BİR KISMINI ANLAYABİLDİM!

Ulu Cami’nin açılış günü, çevre illerden gelen büyük ulemâ ve meşâyıhın da bulunduğu kalabalık bir cemaate imamlık yapıp hutbe veren Somuncu Baba, namazdan sonra yapacağı vaazı Fâtiha Sûresi’nin tefsirine ayırmıştı. Fâtiha’yı yedi ayrı açıdan tefsir ederken, bir ara durmuş;

“Bu konuda bazı ulemâmızın da müşkülleri var.” diyerek, Bursa Müftüsü Molla Fenârî’nin gerçekten var olan müşküllerini çözmüştü. Etkili konuşması hem ulemâ, hem meşâyıh, hem de avâm-ı nas arasında hayret ve takdire sebep olmuştu. Hutbe bittiğinde cemaat, Somuncu Baba’nın büyük velî olduğuna iyice kanaat getirmiş, elini öpebilmek için kapılara hücum etmişti. Halkın teveccühü karşısında caminin üç kapısından da çıktığı rivâyet edilir. O, bundan sonra çilehanesine çekilmiş ve bir daha ekmek yapmamıştı.

Onun, Fâtiha tefsirini hem zâhir, hem bâtın ilimlerine vâkıf bir âlim olarak yedi ayrı makamda yapması, bilhassa Bursa müftüsü Molla Fenârî’yi hayrete düşürmüştü. Vaazını dinledikten sonra şeyhe intisab eden Fenârî Hazretleri kendisini tutamamış, cemaate dönerek hayretini şu sözlerle ifade etmişti:

“–Somuncu Baba, burada bizlere hikmetler saçarak büyüklüğünü gösterdi. Fâtiha’yı yedi vecih üzere tefsir eyledi. Birinci tefsiri herkes anladı, ama ikincisini cemaatten bazıları anlayabildi. Üçüncüsünün bir kısmını idrak ettiysem de, bir kısmını idrak edemedim. Ondan sonraki vecihler ise, idrakimizin üstünde kaldı!”

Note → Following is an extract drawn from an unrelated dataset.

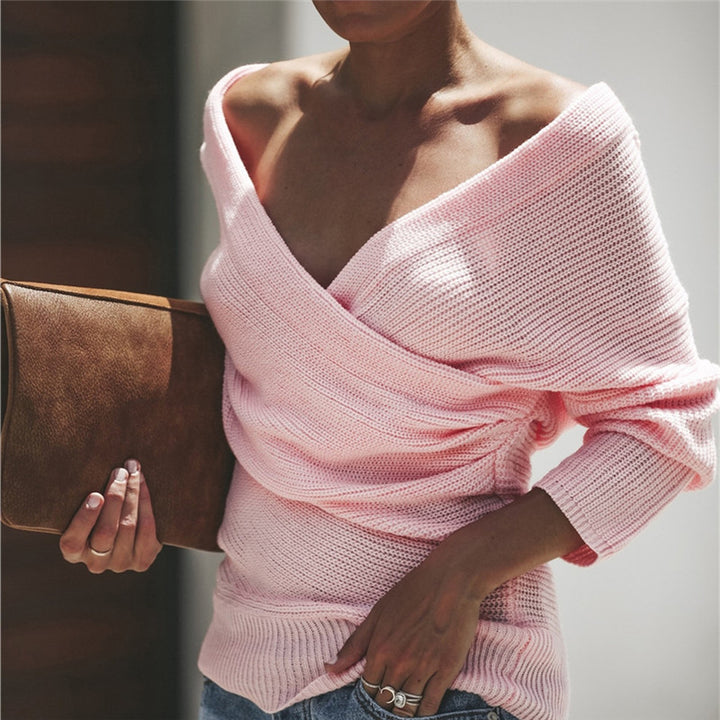 Damen Wickelpullover mit weitem Schnitt und offener Schulterpartie Drune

Halkın aşırı hürmet ve ikramından son derece rahatsız olan Şeyh Hamid Hazretleri, kısa süre sonra Bursa’yı terk etmiş, Kayseri’ye doğru yola çıkıvermişti.

ÂHİRETİN BÂKÎ MEYVELERİ

Darende’de bulunduğu sırada dost ve müridlerinden bir derviş, iki parça tarlasından birini Şeyh Hamid hesabına, diğerini kendi adına ekmişti. Şeyhi için ektiği tarladan bir tek tane çıkmamış, kaderin hükmü ile tarlanın mahsûlü telef olmuştu. Fakat kendi için ektiği tarlanın ürünü fevkalâde idi. Somuncu Baba, bir gün ekili tarlalara giderek;

“–Bunların hangisi bizim?” diye sordu. Derviş, şeyhine ayırdığı tarladaki durumdan utanarak, kendisine ait tarlayı;

“–İşte sizinki bu!” diyerek ona göstermişti. Somuncu Baba bu hâle üzülerek, şöyle söyledi:

“–Dünya tarlasından verimli mahsul almak, berhudârlık işareti değil, günah tohumunun yeşermesidir!”

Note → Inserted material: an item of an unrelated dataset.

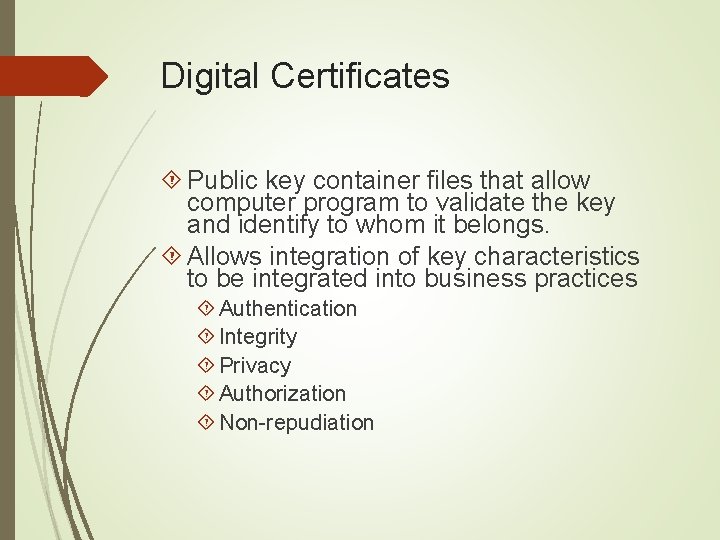 Digital Certificates Public key container files that allow computer program to validate the key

O, âhiretin bâkî meyvelerini dünyada yemek istemiyordu…
***
Yıllar içinde Anadolu’nun birçok bölgesi Somuncu Baba’yı kendinden kabul etmişti. Kayseri, babası Şemseddin Musa’ya; Aksaray, oğlu Yusuf Hakikî’ye (Baba Yusuf); Bursa, evi, çilehanesi ve fırınına; Darende ise cami, tevhidhane ve türbesine sahip çıkmıştır.

___________________

1 Halvetiye’nin bir kolu sayılır.
2 Melâmet; Hakk’a yakınlığını hâl ve kıyafetiyle teşhir etmeyi düşünmeyen, ubûdiyet vazifesini sessiz sedasız yerine getiren, görünürde halk, gönülde Hak’la beraber olan «ehlullâh»ın meşrebidir.
3 Bursa’da Molla Fenârî Mahallesi’ndeki evi, çilehanesi, zikir odası ve iki küçük fırını varlığını hâlâ korumakta, halk tarafından büyük bir ilgiyle ziyaret edilmektedir.